DATA 621: HW 3
David Quarshie - Group 3
In this assignment we will build a logistic regression model to predict wheter a particular neighborhood in Boston is above or below the median crime level. We’re given information on 466 Boston neighborhoods, 13 predictor variables and 1 response variable, target. Target will tell us if the neighborhood is above the median crime level (1) or below it (0).
1. DATA EXPLORATION
Below we’ll display a few basic EDA techniques to gain insight into our crime dataset.
Basic Statistics
There are 466 rows and 14 columns. Thankfully, there are no missing values out of all of the 6,524 data points.

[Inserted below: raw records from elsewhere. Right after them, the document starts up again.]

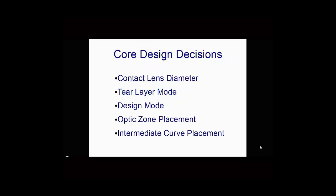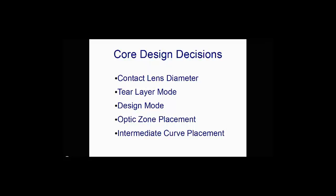In this module we're going to go over some core design decisions that you have to make for any lens using a wave contact lens system. These include the contact lens diameter, the tier layer mode (axial or tangential), the design mode (RSIM, GSIM, or Freeform), and the optic zone placement and intermediate curve placement. These are the core design decisions, so let's look at each one individually.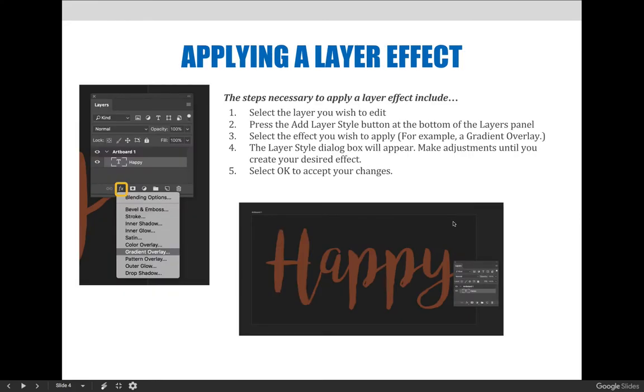To apply a layer effect, simply follow these steps: Select the layer you wish to edit, press the add layer style button at the bottom of the layers panel, and select the effect you wish to apply—for example, a gradient overlay.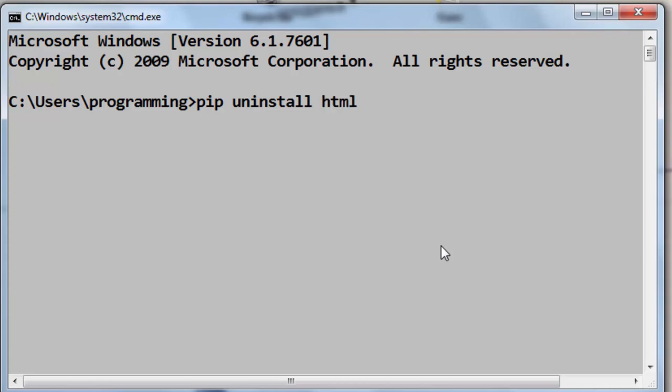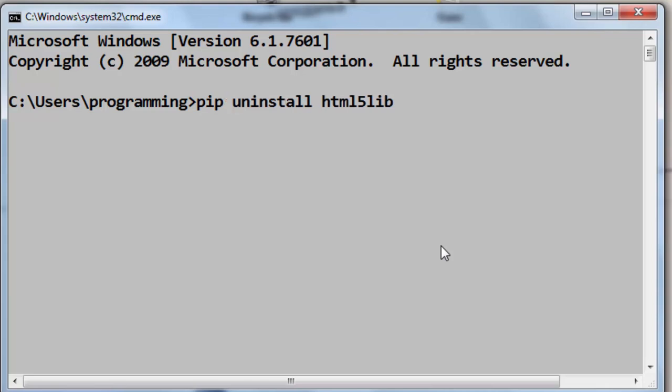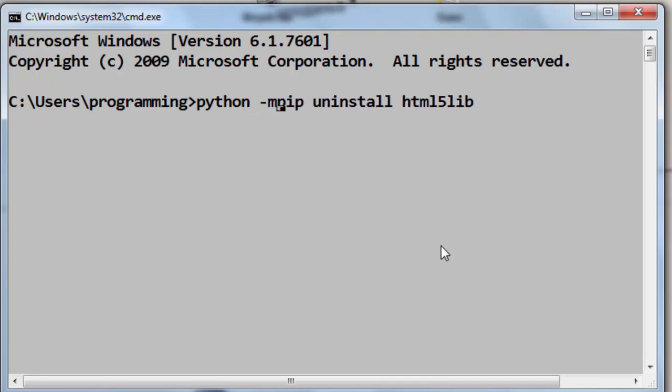remove the html5lib library, so I'm going to type its name. And if this pip command doesn't work for you, then you need to try to remove your module with the pip3 command. Also, you can type the full command with python -m pip uninstall html5lib, and then I'm going to press Enter.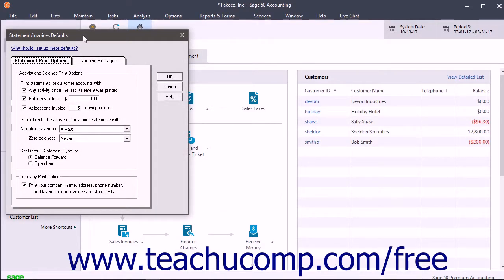Here you can change these settings before sending customer invoices and statements. In this window there are two tabs.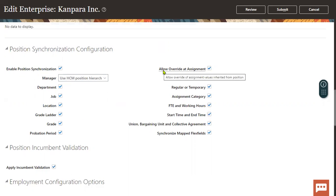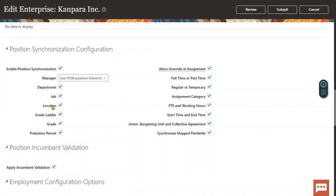If you check the checkbox 'Allow Override at Assignment', whenever we are hiring an employee in the assignments page, you will have the facility to change those values. If you uncheck this checkbox, you cannot change those values. In interviews they will ask: I have enabled Position Synchronization but the location name is not being populated — that could be because you have unchecked the location attribute here, so location will not be populated.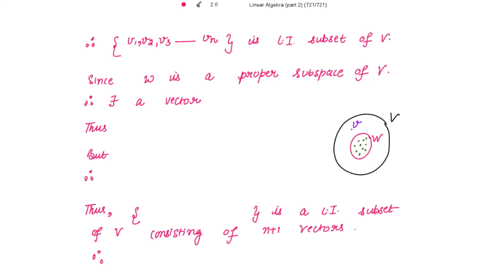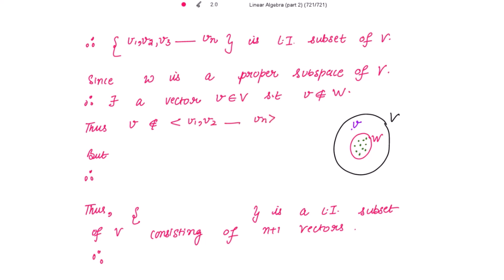Since W is a proper subspace of V, there exists a vector v which belongs to V but does not belong to W. This means v cannot belong to the spanning set {v1, v2, ..., vn}, because those vectors form the basis for W and v is not in W.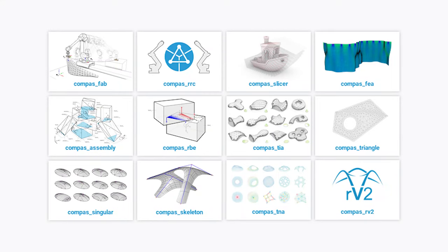Next to the core library, there are a number of different packages for integration into different domains and disciplines — things like RhinoVault 2, which is based on COMPAS, interlocking components, and slicers for 3D printing. But today I want to focus on the first one in this list, which is CompassFab for robotic fabrication.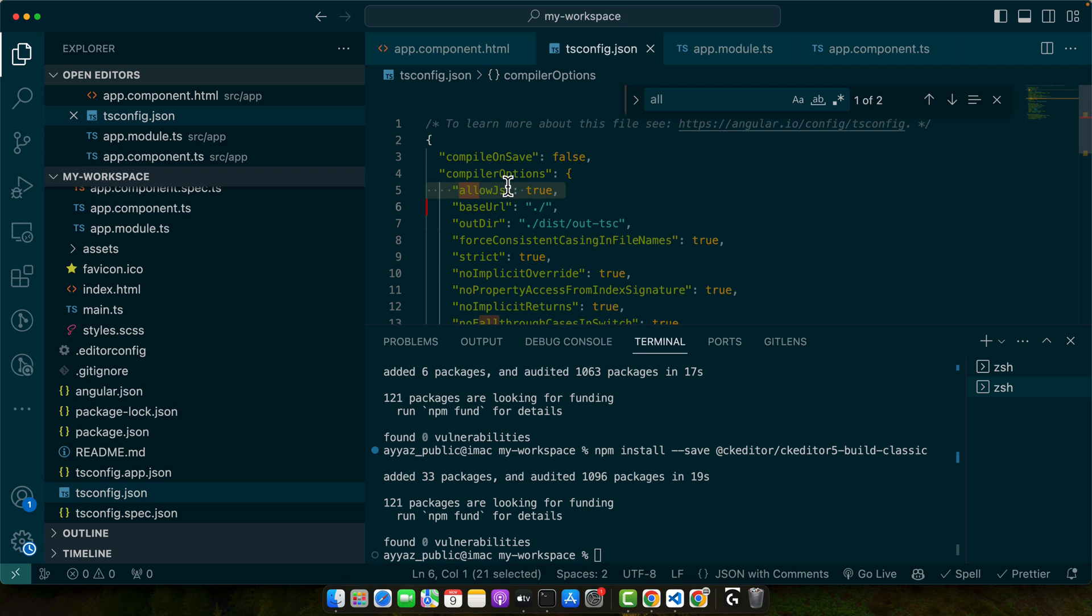After following these steps your application should compile successfully and CK Editor will be ready to use in your Angular project. You can now run your application and see CK Editor greeting with a hello world placeholder text or you may change and provide any different text.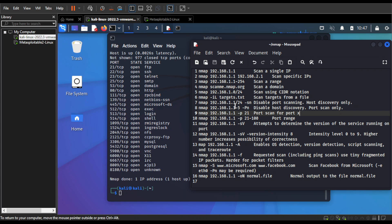If you want to disable port scanning and still look for hosts, you can use -sn. Or if you want to disable host discovery and do only port scanning, you can use -pn and it will only list whatever ports are open. If you want to scan a specific port, you can use -p and the specific port number or a range of ports.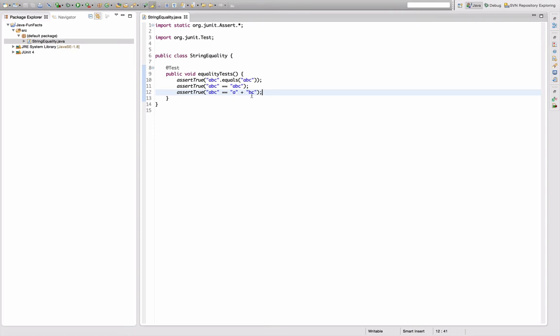So it could be that the compiler is doing some optimization here so that these two are actually identical in the bytecode. But I thought I have to find another test case that might not work.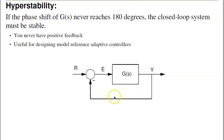Hyperstability is a slight variation on H-infinity. I go unstable when I have positive feedback, i.e., when the phase of g of s is minus 180 degrees and the gain is greater than 1. With hyperstability, I try to show that the phase shift of g of s never gets to 180 degrees. If it never gets to 180, I never have positive feedback and never go unstable. That's useful in model reference adaptive control.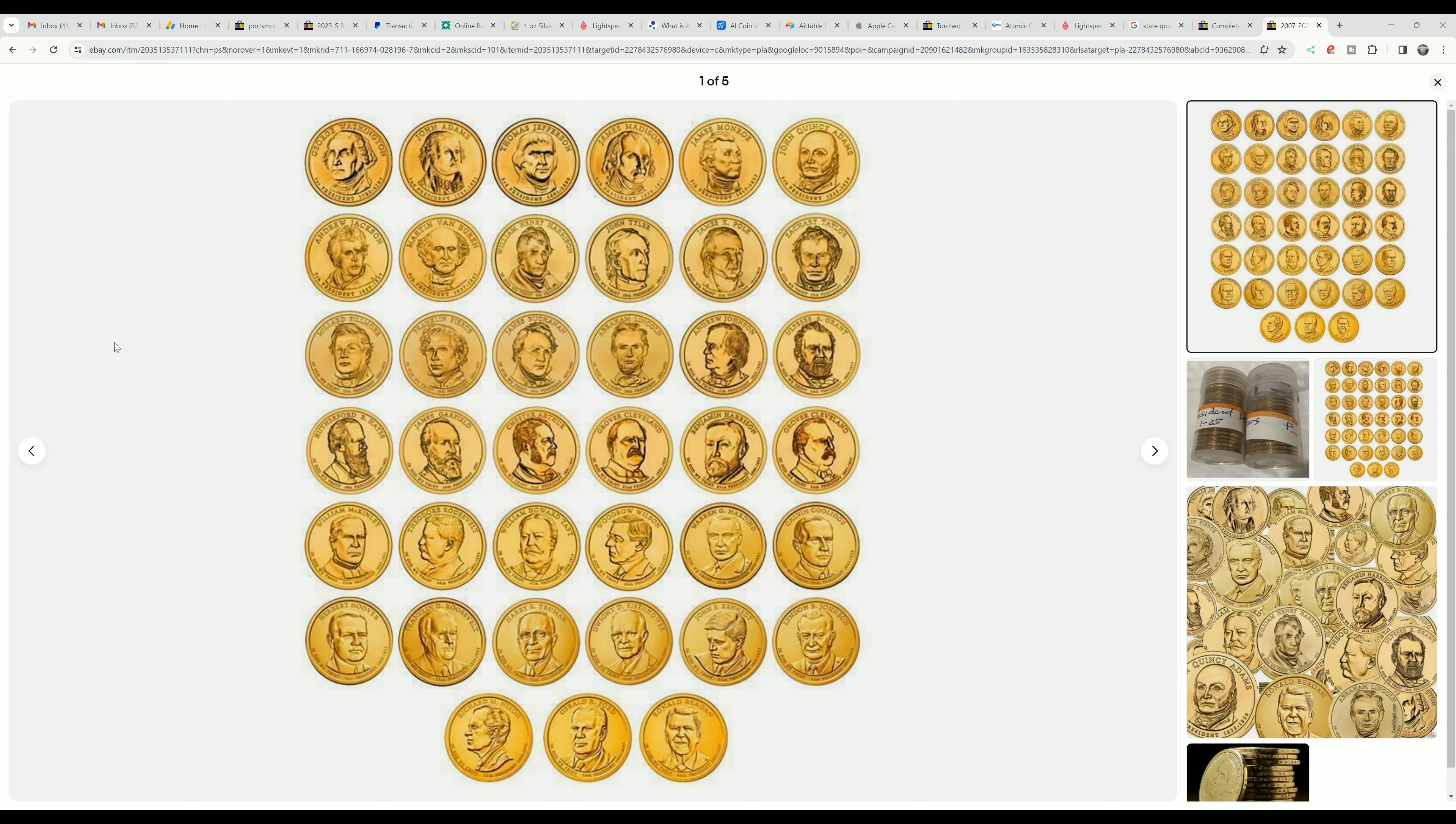But as long as you have one example of each one of these to learn about each president, learn who the presidents are and learn the different things about the president, learn what they've done, what's the main thing about them. Because it's important to know our history.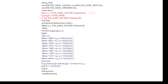Looking at the logic: when the input is 000, we need to get output 01111111. When the input is 001, we need to get output 10111111. And so on for each input combination.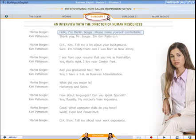The dialogue screens focus on your fluency and understandability. Click the play button to listen to the entire dialogue.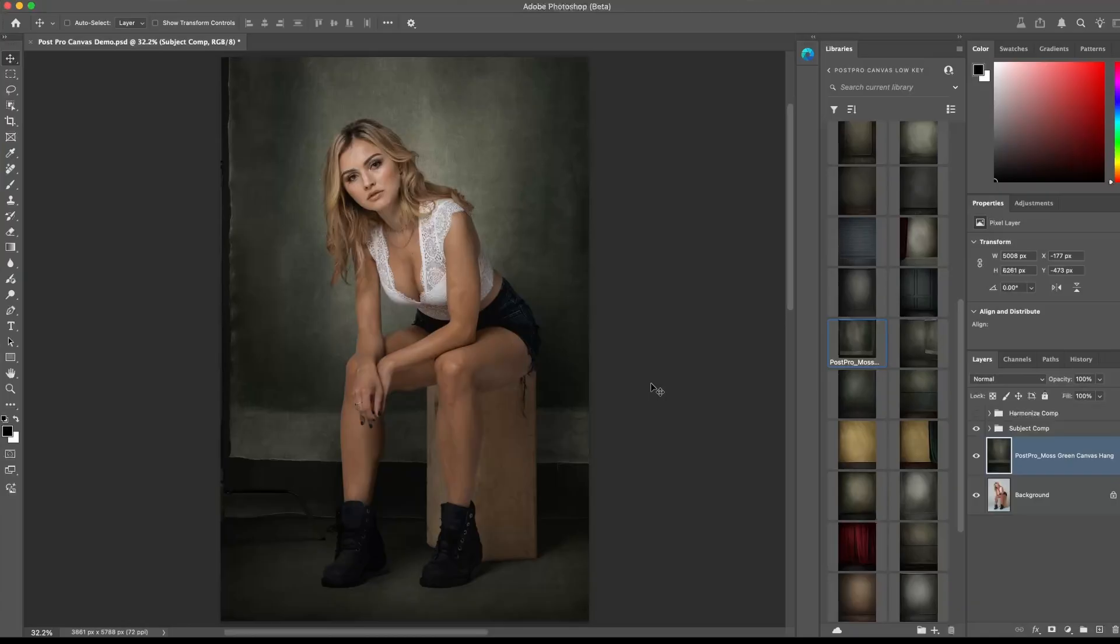So I hope this little demo was helpful, and if you want to try out the PostPro Canvas backdrops, you can find the link in the description below.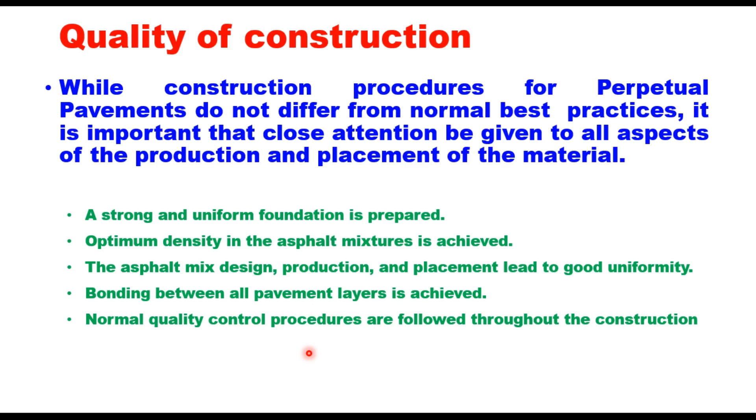So friends, that is the concept of perpetual pavement. Thank you very much for watching this video. You can write your suggestions in the comment box.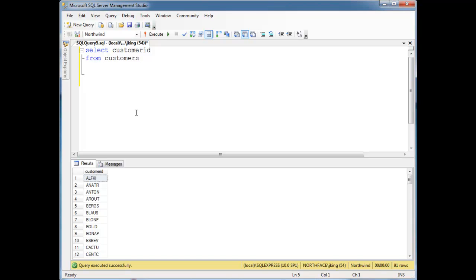An error I see a lot that you guys don't understand is 'string or binary data would be truncated.' I want to explain in this video what that means. It's hopefully straightforward.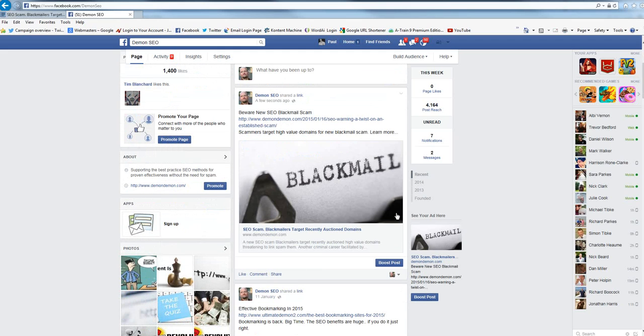So that's how you take your stuff from your site and you cross post it to Facebook. Simple as that really. Bye.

| n | mean | sd | median | min | max | skew | kurtosis | |
|---|---|---|---|---|---|---|---|---|
| zn | 466 | 11.5772532 | 23.3646511 | 0.00000 | 0.0000 | 100.0000 | 2.1768152 | 3.8135765 |
| indus | 466 | 11.1050215 | 6.8458549 | 9.69000 | 0.4600 | 27.7400 | 0.2885450 | -1.2432132 |
| chas | 466 | 0.0708155 | 0.2567920 | 0.00000 | 0.0000 | 1.0000 | 3.3354899 | 9.1451313 |
| nox | 466 | 0.5543105 | 0.1166667 | 0.53800 | 0.3890 | 0.8710 | 0.7463281 | -0.0357736 |
| rm | 466 | 6.2906738 | 0.7048513 | 6.21000 | 3.8630 | 8.7800 | 0.4793202 | 1.5424378 |
| age | 466 | 68.3675966 | 28.3213784 | 77.15000 | 2.9000 | 100.0000 | -0.5777075 | -1.0098814 |
| dis | 466 | 3.7956929 | 2.1069496 | 3.19095 | 1.1296 | 12.1265 | 0.9988926 | 0.4719679 |
| rad | 466 | 9.5300429 | 8.6859272 | 5.00000 | 1.0000 | 24.0000 | 1.0102788 | -0.8619110 |
| tax | 466 | 409.5021459 | 167.9000887 | 334.50000 | 187.0000 | 711.0000 | 0.6593136 | -1.1480456 |
| ptratio | 466 | 18.3984979 | 2.1968447 | 18.90000 | 12.6000 | 22.0000 | -0.7542681 | -0.4003627 |
| lstat | 466 | 12.6314592 | 7.1018907 | 11.35000 | 1.7300 | 37.9700 | 0.9055864 | 0.5033688 |
| ## Distrib | ution | of Target Vari | able |
Let’s look at the target variable in our training data to make sure there no one sided distribution.
| Var1 | Freq |
|---|---|
| 0 | 237 |
| 1 | 229 |
Histogram of Variables
Boxplot of Variables
## NULL
2. DATA PREPARATION
We’ve determined that there are no missing values in our data, but looking at our visualizations we see a few variables with some issues.
1: Chas
Looking at the results from our chas variable it doesn’t seem to be needed here so we can remove it.
2: Indus
We see a lot of outliers in the indus variable, so we’ll removed the rows which indus is greater than 20 and target is 0.
3: Dis
Dis also has some outliers so we’ll remove rows where dis was greater than 11 and target was 0, and where dis was greater than 7.5 and target was 1.
Data Summary
Let’s take a quick look at what variables we have remaining.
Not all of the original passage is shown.